Every day, millions of people post on social media without sharing their GPS coordinates. Yet those posts still leave clues about where users live, work, and travel. Being able to infer location from this public trail matters for everything from emergency response and disease tracking to local recommendations and targeted services. This paper introduces a new method, called KMKGAT, that uses both what people say and how they are connected online to estimate where they are, more accurately than earlier approaches.

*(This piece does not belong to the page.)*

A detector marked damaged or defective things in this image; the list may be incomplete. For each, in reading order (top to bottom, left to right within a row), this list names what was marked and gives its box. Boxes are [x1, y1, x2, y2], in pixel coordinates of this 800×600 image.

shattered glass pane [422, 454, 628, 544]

From online chatter to real-world places

When users write tweets or microblogs, they may mention place names, use local slang, or interact with nearby friends. Companies like Twitter (now X) know a user’s internet address, but outside researchers and service providers usually do not. Instead, they must work with public information: the text itself, user profiles, and who talks to whom. Earlier methods fell into three camps. Content-only methods mined words and hashtags to guess locations. Network-only methods relied on the fact that people tend to interact with nearby users. A third, more powerful family combined both views, but still had blind spots—especially for people in sparsely populated areas and for users whose online connections span large distances.

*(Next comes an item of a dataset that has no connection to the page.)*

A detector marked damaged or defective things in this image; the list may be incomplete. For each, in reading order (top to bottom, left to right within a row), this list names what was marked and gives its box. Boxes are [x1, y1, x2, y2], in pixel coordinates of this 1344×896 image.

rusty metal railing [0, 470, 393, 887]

Smarter geographic grouping with real user centers

A key problem is how to turn the continuous globe into a set of regions a computer can learn to predict. Many systems slice the map into a fixed grid. That works reasonably well in cities but fails in rural areas, where huge cells cover many hundreds of kilometers. The new method replaces rigid grids with k-medoids clustering, a way of grouping users so that each region is centered on an actual user instead of an artificial point. This makes the regions compact and less sensitive to outliers, particularly where users are sparse. In tests on three large Twitter datasets covering the United States and the world, this adaptive partitioning reduced typical errors compared with grid-based schemes and provided more realistic “home regions” for users.

Letting the network focus on nearby, similar users

The second innovation lies in how the model learns from the social graph. Modern “graph attention networks” already weigh a user’s neighbors differently, based on how similar their feature representations are. But similarity alone can be misleading: an account in New York and another in London might use similar language yet be far apart geographically. KMKGAT augments attention with a Gaussian kernel, a mathematical filter that favors neighbors whose learned features are close to the target user and dampens the influence of distant ones. Multiple such kernels, combined like a mixture of lenses, allow the model to capture locality at different scales. This respects the simple but powerful principle that online interactions are often strongest among people who are physically closer.

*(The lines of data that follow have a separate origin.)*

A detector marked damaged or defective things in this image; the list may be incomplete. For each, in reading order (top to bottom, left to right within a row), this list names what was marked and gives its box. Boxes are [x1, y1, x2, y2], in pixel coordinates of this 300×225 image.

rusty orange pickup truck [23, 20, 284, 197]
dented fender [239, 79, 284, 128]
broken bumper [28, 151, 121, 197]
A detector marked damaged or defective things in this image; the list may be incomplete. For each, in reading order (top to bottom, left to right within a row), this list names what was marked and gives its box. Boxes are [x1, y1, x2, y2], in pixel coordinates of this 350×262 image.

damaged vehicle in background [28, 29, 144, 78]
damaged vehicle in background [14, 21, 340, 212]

Lightweight text features that still carry location hints

Rather than rely on heavy deep-language models, which can struggle with the noisy, slang-filled style of tweets, the authors use a classic technique called TF–IDF to turn each user’s collection of posts into a bag of weighted keywords. Common words like “the” or “lol” get little weight, while rarer, region-specific terms rise to the top. These text features are then attached to each user in the social graph and passed through the enhanced attention network. Interestingly, the best results came when most text features were randomly dropped during training, suggesting that only a small fraction of words actually help with location and the rest mostly add noise.

Beating the state of the art at scale

To judge performance, the researchers asked how far, in kilometers, the predicted region center was from each user’s known coordinates, and what percentage of users were placed within 161 km (100 miles) of their true location. Across three benchmark Twitter datasets, KMKGAT consistently matched or outperformed strong existing systems, improving the within-161-kilometer accuracy by up to a few percentage points—a meaningful gain at this level of maturity. The benefits were clearest on small and medium-sized networks, while on a massive global graph the method was limited by having to sample only immediate neighbors during training.

What this means in everyday terms

For non-specialists, the takeaway is that it is increasingly feasible to estimate where social media users are, even if they never share a location tag. By grouping users into realistic regions based on actual accounts, and by teaching the model to trust mostly nearby, similar neighbors in the social network, KMKGAT narrows down where someone likely lives or posts from. This can help responders find people during disasters, improve local search and recommendation, and support studies of how information spreads across places. At the same time, it highlights how much our ordinary online interactions can reveal about our offline lives, underscoring the importance of thoughtful data use and privacy protections.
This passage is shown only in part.